«Insuffisance de preuve», motif avancé par la justice pour libérer Woodly Ethéart et Renel Nelfort, accusés de kidnapping

samedi 18 avril 2015

P-au-P, 17 avril 2015 [AlterPresse] --- Sur la base d’ « insuffisance de preuve », le tribunal criminel, siégeant sans assistance de jury, a rendu ce 17 avril, son verdict en faveur de Woodly Ethéart , alias « Sonson Lafamilia » et Renel Nelfort, surnommé « Le Récif », accusés d’enlèvements et de séquestration, de blanchiment des avoirs, de trafic illicite de la drogue, d’assassinat et d’association de malfaiteurs, observe AlterPresse.

« Il y a lieu pour le tribunal de faire sienne la réquisition faite par le Ministère public et celle du Conseil de la défense. Le tribunal, sur les conclusions du Ministère public, dit et déclare non coupables les accusés Woodly Ethéart et Renel Nelfort des faits d’enlèvements, de séquestration, de blanchiment des avoirs, de trafic illicite de la drogue, d’assassinat et d’association de malfaiteurs », déclare le juge Lamarre Bélizaire au terme d’une audience qui a duré plus de six heures d’horloge.

Il soutient qu’il a formulé ce verdict « pour insuffisance de preuve et de charge ». Ce qui renvoie les accusés « hors des liens de l’accusation ».

Le juge Lamarre Bélizaire ordonne la levée de tous les scellés, qui sont apposés sur les immeubles des accusés et la levée de l’interdiction de départ qui a été prise à l’encontre de Woodly Ethéart.

L’ordonnance du juge d’instruction au tribunal de première instance de Port-au-Prince, Sonel Jean-François, en date du 5 mars 2015, avait renvoyé Woodly Ethéart et Renel Nelfort par devant le tribunal criminel en tant qu’« auteurs intellectuels » de plusieurs actes de grand banditisme, dont le kidnapping contre rançon.

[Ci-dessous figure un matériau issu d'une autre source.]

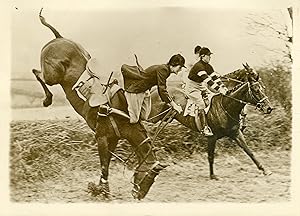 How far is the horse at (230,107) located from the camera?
2.94ft

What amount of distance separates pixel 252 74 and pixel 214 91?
0.08m

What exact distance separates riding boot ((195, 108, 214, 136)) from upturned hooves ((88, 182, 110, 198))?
21 centimetres

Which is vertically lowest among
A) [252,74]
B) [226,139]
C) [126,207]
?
[126,207]

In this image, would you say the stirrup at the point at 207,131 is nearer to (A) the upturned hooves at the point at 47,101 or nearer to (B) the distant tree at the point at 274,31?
(B) the distant tree at the point at 274,31

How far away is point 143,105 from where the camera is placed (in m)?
0.90

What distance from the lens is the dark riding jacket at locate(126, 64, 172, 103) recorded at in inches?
35.1

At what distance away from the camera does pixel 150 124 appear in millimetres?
896

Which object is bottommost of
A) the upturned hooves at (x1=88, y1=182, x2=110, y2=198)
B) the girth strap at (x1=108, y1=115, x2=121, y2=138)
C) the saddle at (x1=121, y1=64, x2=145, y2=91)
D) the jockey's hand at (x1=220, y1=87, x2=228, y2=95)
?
the upturned hooves at (x1=88, y1=182, x2=110, y2=198)

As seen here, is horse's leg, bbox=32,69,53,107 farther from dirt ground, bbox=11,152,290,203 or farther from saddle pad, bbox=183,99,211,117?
saddle pad, bbox=183,99,211,117

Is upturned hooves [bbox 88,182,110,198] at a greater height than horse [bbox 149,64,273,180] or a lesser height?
lesser

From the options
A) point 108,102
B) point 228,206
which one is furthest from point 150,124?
point 228,206

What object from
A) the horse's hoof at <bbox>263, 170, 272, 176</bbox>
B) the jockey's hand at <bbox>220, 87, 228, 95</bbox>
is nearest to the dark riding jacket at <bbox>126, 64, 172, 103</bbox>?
the jockey's hand at <bbox>220, 87, 228, 95</bbox>

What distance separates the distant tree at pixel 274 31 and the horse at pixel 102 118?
0.93 feet

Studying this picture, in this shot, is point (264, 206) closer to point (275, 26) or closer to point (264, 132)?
point (264, 132)
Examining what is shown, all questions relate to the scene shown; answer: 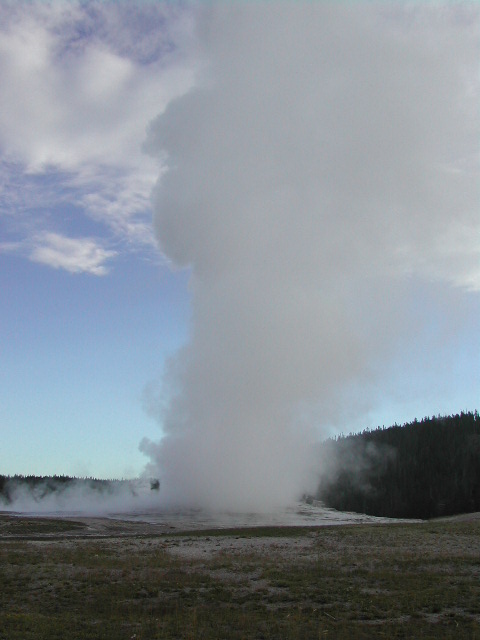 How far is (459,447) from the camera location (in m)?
128

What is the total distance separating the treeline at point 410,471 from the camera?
356 ft

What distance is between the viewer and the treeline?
10850cm

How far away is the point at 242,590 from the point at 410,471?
111 metres

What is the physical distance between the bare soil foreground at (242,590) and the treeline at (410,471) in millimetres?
74396

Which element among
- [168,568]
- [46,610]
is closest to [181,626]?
[46,610]

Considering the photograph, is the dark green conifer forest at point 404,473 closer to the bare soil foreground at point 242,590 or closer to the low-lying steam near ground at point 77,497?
the low-lying steam near ground at point 77,497

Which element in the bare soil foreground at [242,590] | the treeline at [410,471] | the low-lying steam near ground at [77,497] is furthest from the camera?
the treeline at [410,471]

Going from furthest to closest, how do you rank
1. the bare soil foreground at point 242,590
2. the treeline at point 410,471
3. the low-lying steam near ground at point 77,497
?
the treeline at point 410,471
the low-lying steam near ground at point 77,497
the bare soil foreground at point 242,590

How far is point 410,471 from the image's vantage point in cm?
12575

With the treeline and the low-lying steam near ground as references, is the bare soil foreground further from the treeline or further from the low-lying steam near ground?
the treeline

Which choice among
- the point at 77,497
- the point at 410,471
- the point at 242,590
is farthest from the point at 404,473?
the point at 242,590

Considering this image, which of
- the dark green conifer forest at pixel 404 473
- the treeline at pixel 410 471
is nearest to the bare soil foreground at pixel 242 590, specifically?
the dark green conifer forest at pixel 404 473

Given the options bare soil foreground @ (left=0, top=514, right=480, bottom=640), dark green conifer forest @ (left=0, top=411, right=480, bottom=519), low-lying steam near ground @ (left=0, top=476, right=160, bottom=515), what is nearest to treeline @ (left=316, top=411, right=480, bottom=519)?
dark green conifer forest @ (left=0, top=411, right=480, bottom=519)

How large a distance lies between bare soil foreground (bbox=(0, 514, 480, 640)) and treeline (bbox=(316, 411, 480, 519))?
74.4 meters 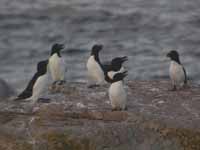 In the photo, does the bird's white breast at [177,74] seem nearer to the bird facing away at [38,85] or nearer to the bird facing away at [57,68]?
the bird facing away at [57,68]

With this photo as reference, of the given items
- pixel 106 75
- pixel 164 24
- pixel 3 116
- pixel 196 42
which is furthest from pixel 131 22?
pixel 3 116

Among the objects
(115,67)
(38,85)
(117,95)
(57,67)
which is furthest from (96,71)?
(117,95)

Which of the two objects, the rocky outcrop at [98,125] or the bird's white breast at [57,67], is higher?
the bird's white breast at [57,67]

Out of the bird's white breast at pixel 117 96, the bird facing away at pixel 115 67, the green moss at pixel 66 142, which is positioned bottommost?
the green moss at pixel 66 142

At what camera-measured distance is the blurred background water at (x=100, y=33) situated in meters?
28.9

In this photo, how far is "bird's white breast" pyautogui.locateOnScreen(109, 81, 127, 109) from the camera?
14148 millimetres

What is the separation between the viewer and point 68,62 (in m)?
29.6

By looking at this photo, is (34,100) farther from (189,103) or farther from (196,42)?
(196,42)

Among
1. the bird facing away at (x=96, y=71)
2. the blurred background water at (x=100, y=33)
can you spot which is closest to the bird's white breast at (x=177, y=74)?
the bird facing away at (x=96, y=71)

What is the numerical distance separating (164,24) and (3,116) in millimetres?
22440

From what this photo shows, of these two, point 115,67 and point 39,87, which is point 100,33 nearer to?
point 115,67

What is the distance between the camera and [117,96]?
46.4ft

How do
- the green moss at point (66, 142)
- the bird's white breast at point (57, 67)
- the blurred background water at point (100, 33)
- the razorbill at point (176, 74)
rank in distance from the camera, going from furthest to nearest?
the blurred background water at point (100, 33)
the razorbill at point (176, 74)
the bird's white breast at point (57, 67)
the green moss at point (66, 142)

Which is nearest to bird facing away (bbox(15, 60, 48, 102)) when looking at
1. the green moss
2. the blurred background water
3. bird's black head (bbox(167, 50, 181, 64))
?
the green moss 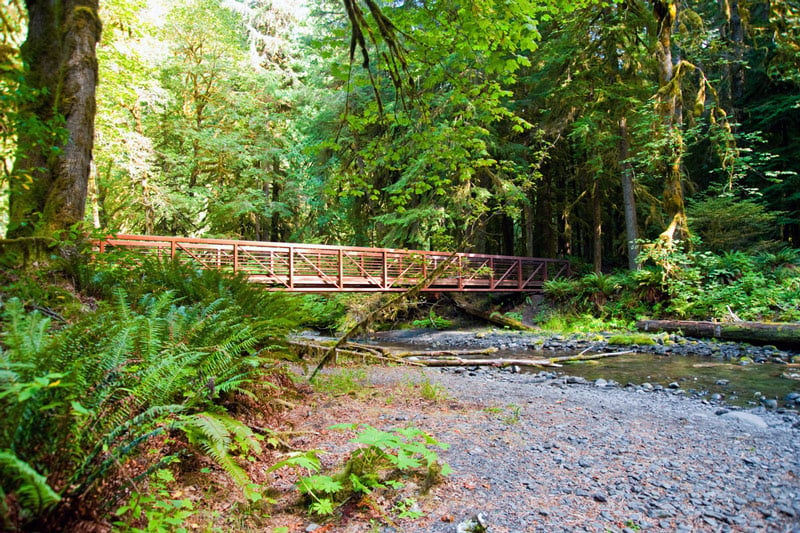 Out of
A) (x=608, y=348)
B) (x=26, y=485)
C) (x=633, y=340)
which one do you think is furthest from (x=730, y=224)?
(x=26, y=485)

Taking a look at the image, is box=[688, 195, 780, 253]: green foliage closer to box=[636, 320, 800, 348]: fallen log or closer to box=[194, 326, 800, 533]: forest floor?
box=[636, 320, 800, 348]: fallen log

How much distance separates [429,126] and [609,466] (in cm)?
377

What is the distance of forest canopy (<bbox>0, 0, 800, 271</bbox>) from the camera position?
4.11 meters

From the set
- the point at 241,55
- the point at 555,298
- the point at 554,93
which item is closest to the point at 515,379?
the point at 555,298

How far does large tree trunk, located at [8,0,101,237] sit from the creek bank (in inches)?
220

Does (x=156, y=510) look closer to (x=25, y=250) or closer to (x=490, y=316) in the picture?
(x=25, y=250)

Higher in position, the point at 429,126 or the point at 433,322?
the point at 429,126

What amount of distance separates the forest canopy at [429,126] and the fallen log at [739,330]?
8.00ft

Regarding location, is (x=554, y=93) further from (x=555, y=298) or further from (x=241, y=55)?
(x=241, y=55)

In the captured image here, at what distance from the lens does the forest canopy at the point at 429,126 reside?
411 cm

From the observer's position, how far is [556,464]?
2479 mm

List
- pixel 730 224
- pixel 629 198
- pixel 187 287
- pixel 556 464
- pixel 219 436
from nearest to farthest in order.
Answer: pixel 219 436, pixel 556 464, pixel 187 287, pixel 730 224, pixel 629 198

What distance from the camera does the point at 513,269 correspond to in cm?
1567

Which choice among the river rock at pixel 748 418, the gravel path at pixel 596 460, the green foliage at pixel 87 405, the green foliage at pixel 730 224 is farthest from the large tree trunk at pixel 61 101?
the green foliage at pixel 730 224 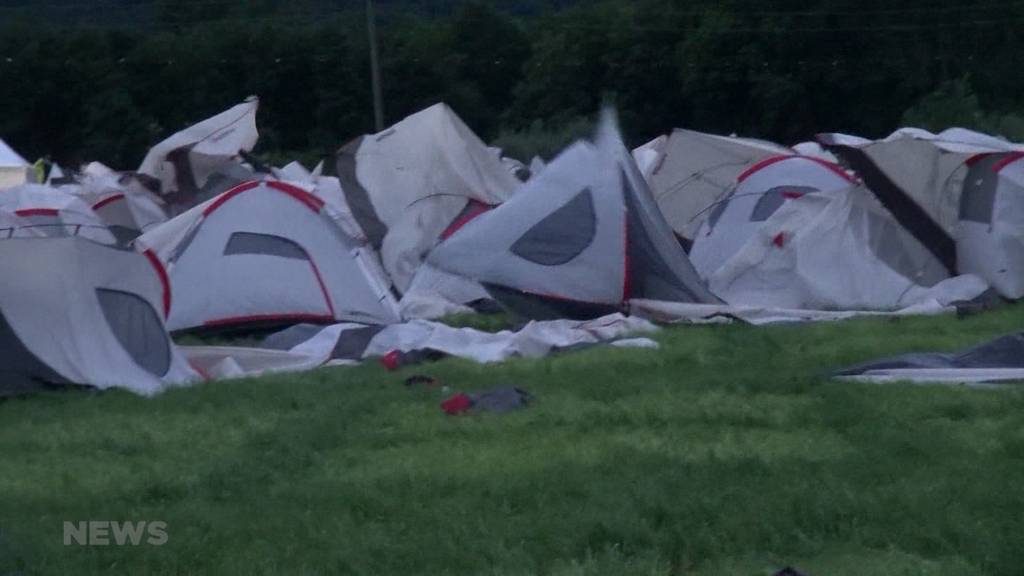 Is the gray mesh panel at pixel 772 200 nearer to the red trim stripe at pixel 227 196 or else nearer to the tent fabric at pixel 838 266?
the tent fabric at pixel 838 266

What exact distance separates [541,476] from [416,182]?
9581mm

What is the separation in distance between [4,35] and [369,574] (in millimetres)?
48768

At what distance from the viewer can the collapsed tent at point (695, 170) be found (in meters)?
17.9

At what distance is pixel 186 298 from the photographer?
13.0m

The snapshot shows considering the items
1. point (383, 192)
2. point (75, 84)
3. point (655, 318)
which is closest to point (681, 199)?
point (383, 192)

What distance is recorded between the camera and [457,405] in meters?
8.51

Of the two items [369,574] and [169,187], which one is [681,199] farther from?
[369,574]

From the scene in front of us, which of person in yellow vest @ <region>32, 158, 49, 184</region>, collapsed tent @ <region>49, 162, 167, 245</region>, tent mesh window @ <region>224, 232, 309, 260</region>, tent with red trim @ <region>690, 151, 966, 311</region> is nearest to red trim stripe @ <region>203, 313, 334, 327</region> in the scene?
tent mesh window @ <region>224, 232, 309, 260</region>

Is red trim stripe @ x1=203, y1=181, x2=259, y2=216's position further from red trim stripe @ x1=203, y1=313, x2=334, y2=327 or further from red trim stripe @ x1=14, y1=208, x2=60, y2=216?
red trim stripe @ x1=14, y1=208, x2=60, y2=216

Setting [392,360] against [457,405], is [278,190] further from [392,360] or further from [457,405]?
[457,405]

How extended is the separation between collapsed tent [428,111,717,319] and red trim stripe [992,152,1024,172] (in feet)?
10.3

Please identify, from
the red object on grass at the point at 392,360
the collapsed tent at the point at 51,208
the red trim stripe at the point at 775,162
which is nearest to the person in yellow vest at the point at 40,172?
the collapsed tent at the point at 51,208

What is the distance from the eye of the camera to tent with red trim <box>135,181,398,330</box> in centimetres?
1288

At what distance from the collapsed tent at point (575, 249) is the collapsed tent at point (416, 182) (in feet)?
7.76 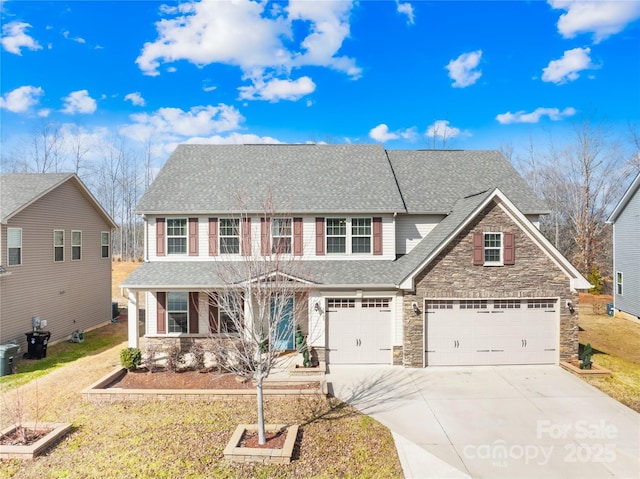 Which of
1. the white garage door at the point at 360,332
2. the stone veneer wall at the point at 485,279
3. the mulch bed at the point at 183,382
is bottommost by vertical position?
the mulch bed at the point at 183,382

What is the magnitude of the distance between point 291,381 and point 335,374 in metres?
1.65

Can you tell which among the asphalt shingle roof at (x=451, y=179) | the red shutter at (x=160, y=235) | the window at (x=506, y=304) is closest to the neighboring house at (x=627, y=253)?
the asphalt shingle roof at (x=451, y=179)

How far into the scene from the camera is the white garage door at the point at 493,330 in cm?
1347

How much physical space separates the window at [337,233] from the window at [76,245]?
13.4 meters

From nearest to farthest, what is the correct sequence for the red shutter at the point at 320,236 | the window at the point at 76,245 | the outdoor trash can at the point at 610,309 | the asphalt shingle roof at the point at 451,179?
the red shutter at the point at 320,236 → the asphalt shingle roof at the point at 451,179 → the window at the point at 76,245 → the outdoor trash can at the point at 610,309

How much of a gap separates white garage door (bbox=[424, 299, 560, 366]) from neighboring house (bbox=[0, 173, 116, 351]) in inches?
667

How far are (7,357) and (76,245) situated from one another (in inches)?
278

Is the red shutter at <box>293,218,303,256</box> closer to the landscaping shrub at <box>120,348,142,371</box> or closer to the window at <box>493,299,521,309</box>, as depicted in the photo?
the landscaping shrub at <box>120,348,142,371</box>

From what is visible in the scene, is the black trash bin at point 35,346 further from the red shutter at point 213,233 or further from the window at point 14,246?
the red shutter at point 213,233

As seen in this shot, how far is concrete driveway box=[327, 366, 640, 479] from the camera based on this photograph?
25.2ft

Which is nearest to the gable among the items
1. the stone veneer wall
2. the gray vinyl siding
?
the stone veneer wall

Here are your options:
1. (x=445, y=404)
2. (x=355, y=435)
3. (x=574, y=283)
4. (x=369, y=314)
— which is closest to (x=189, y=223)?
(x=369, y=314)

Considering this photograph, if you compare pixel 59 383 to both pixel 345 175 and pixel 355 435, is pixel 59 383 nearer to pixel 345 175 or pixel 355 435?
pixel 355 435

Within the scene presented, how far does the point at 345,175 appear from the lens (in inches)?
683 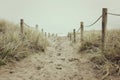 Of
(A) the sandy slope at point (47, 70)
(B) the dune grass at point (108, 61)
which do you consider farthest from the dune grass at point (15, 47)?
(B) the dune grass at point (108, 61)

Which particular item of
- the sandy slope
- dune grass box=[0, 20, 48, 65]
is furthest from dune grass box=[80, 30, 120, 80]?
dune grass box=[0, 20, 48, 65]

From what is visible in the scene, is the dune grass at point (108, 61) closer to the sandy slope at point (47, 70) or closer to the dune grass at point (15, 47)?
the sandy slope at point (47, 70)

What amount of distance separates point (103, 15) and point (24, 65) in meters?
2.49

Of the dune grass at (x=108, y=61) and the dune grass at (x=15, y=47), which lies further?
the dune grass at (x=15, y=47)

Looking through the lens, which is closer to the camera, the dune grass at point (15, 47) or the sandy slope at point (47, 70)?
the sandy slope at point (47, 70)

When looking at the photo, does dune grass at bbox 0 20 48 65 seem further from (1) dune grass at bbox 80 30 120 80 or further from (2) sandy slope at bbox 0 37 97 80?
(1) dune grass at bbox 80 30 120 80

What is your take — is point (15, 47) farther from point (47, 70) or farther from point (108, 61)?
point (108, 61)

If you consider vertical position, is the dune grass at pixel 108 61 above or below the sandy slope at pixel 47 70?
above

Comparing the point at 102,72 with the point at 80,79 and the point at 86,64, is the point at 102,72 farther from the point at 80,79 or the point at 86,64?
the point at 86,64

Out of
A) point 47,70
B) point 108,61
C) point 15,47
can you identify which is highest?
point 15,47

Durant le jugement, Armand Romain, qui a été enlevé, a déclaré pour le tribunal, que, lors de son enlèvement, il n’a pas vu et entendu les deux accusés (Woodly Ethéart et Renel Nelfort). Il a, cependant, indexé trois autres accusés, qui, selon l’ordonnance, travaillait pour Ethéart, identifié comme chef d’un gang appelé « Galil ».

Ethéart a été arrêté le 8 mai 2014.

L’affaire n’a pas cessé de susciter des remous, surtout en raison des liens présumés que ce dernier entretiendrait avec le président Michel Martelly.

Selon le Réseau national de défense des droits humains (Rnddh), le « Gang Galil » a reçu des rançons chiffrées à « un million huit cent quatre-vingt-neuf mille cinq cents – 1,889,500.00 - dollars américains », des mains de 13 victimes kidnappées sur l’intervalle du 11 janvier 2011 au 18 janvier 2014, dénonce le Rnnddh dans un rapport publié le mardi 18 mars 2014.

Les accusés ont été entendus séparément et ont déclaré qu’ils n’ont rien à voir dans les faits d’enlèvement de personnes, de séquestrations contre rançon, de blanchiment des avoirs, de trafic illicite de la drogue, d’assassinat et d’association de malfaiteurs.

Le juge considère qu’ « aucune pièce à conviction et aucun corps de délit ne sont versés dans l’ensemble du dossier ».

« Tous les témoins, cités par le Ministère public (…), ont pris la poudre d’escampette », ajoute-t-il.

Le Ministère public, après avoir analysé « minutieusement » l’ensemble du dossier, qui est en sa possession, a déclaré pour le tribunal qu’il a renoncé à l’accusation.

A l’issue de l’audience, les accusés n’ont voulu faire aucune déclaration à la presse.

12 autres individus doivent se présenter au Tribunal criminel sans assistance de jury sous les chefs d’accusation de « détention illégale d’armes à feu, faux et usage de faux, usurpation de titre, vols de véhicules »– en plus de ceux retenus contre Ethéart et Nelfort. 7 des inculpés sont en cavale.

Des organismes de défense de droits humains avaient dénoncé, par avance, l’éventualité d’un procès expéditif au bénéfice des accusés.

Le Rnddh avait souligné l’irrégularité de ce procès, alors que certains accusés dans la même affaire ont fait appel de l’ordonnance du juge d’instruction. La cour d’appel devait, en principe, se prononcer avant toute autre étape du dossier.